Flexible Memory Access
async_mmap
is TAPA’s flexible interface to access external memory through
the AXI protocol.
It exposes the five AXI channels (AR, R, AW, W, B) in C++.
In this way,
users have maximal control over how they want to access the external memory.
The async_mmap
feature has several advantages:
Richer expressiveness and more flexible memory access pattern.
Runtime burst detection.
Smaller area overhead.
A successful case is the SPLAG accelerator for single-source shortest path (SSSP), which achieves up to a 4.9× speedup over state-of-the-art SSSP accelerators, up to a 2.6× speedup over 32-thread CPU running at 4.4 GHz, and up to a 0.9× speedup over an A100 GPU (that has 4.1× power budget and 3.4× HBM bandwidth).
That being said,
async_mmap
is relatively more difficult to use when compared to the
conventional approach (abstract external memory as a simple array)
because of the extra expressiveness.
This tutorial shows examples of how to bring out the most potential of
async_mmap
.
The Programming Model of async_mmap
The following code shows the definition of async_mmap
:
template <typename T>
struct async_mmap {
using addr_t = int64_t;
using resp_t = uint8_t;
tapa::ostream<addr_t> read_addr;
tapa::istream<T> read_data;
tapa::ostream<addr_t> write_addr;
tapa::ostream<T> write_data;
tapa::istream<resp_t> write_resp;
};
async_mmap
abstracts an external memory as an interface consisting of 5 channels/streams/FIFOs, as shown in the following figure.
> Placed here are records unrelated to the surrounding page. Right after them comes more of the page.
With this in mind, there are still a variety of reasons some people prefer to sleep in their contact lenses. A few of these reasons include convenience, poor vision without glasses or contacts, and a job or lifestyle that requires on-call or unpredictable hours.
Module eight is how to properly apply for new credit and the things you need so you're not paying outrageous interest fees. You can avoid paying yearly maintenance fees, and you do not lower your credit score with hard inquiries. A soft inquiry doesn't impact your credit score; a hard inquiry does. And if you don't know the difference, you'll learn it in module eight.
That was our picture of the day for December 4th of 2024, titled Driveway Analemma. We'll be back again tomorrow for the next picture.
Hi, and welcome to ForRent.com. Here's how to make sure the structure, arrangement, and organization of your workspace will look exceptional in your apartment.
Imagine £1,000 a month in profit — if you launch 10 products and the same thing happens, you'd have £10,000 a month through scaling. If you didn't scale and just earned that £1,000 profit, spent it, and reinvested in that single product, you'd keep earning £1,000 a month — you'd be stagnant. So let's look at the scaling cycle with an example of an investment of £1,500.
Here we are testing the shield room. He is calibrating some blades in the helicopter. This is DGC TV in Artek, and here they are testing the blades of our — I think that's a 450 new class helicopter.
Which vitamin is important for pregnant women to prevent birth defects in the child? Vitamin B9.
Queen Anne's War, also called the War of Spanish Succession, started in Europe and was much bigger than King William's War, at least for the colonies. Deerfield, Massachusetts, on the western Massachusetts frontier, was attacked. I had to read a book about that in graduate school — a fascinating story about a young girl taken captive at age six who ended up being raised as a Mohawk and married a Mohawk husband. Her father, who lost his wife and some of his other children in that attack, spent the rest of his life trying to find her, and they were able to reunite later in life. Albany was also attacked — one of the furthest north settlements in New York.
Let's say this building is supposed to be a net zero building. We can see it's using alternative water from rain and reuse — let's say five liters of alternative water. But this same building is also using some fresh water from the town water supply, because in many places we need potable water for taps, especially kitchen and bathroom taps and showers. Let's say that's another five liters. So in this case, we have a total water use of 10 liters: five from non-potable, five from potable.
On the read side, if we send one address to the
read_addr
channel, the data of typeT
stored in that address will appear later in theread_data
channel.If we send multiple addresses to the
read_addr
channel, the corresponding data (i.e., the read responses) will appear in order in theread_data
channel.On the write side, if we (1) send an address to the
write_addr
channel, and (2) send the corresponding data to thewrite_data
channel, then the data will be written into the associated address.If there are multiple outstanding write requests, they will be committed in order.
The
write_resp
channel will receive data that represent how many write transactions have succeeded.
Basic Usage of async_mmap
async_mmap
is a special implementation of mmap
that should be used
only as formal parameters in lower-level tasks [1].
async_mmap
can be constructed from mmap
,
and we could pass an mmap
argument to an async_mmap
parameter.
Due to certain limitations from the Vitis HLS compiler,
async_mmap
must be passed by reference, i.e., with &
.
In contrast, mmap
must be passed by value, i.e., without &
.
void task1(tapa::async_mmap<data_t>& mem);
void task2(tapa:: mmap<data_t> mem);
// Note the &
void task1(tapa::async_mmap<data_t>& mem) {
// ...
mem.read_addr.write(...);
mem.read_data.read();
// ...
}
// Note no &
void task2(tapa::mmap<data_t> mem) {
// ...
mem[i] = foo;
bar = mem[j];
// ...
}
void top(tapa::mmap<data_t> mem1, tapa::mmap<data_t> mem2) {
tapa::task()
.invoke(task1, mem1)
.invoke(task2, mem2)
;
}
Runtime Burst Detection
mmap
(which uses Vitis HLS #pragma HLS interface m_axi
under the hood)
are synchronous memory interfaces that heavily rely on memory bursts.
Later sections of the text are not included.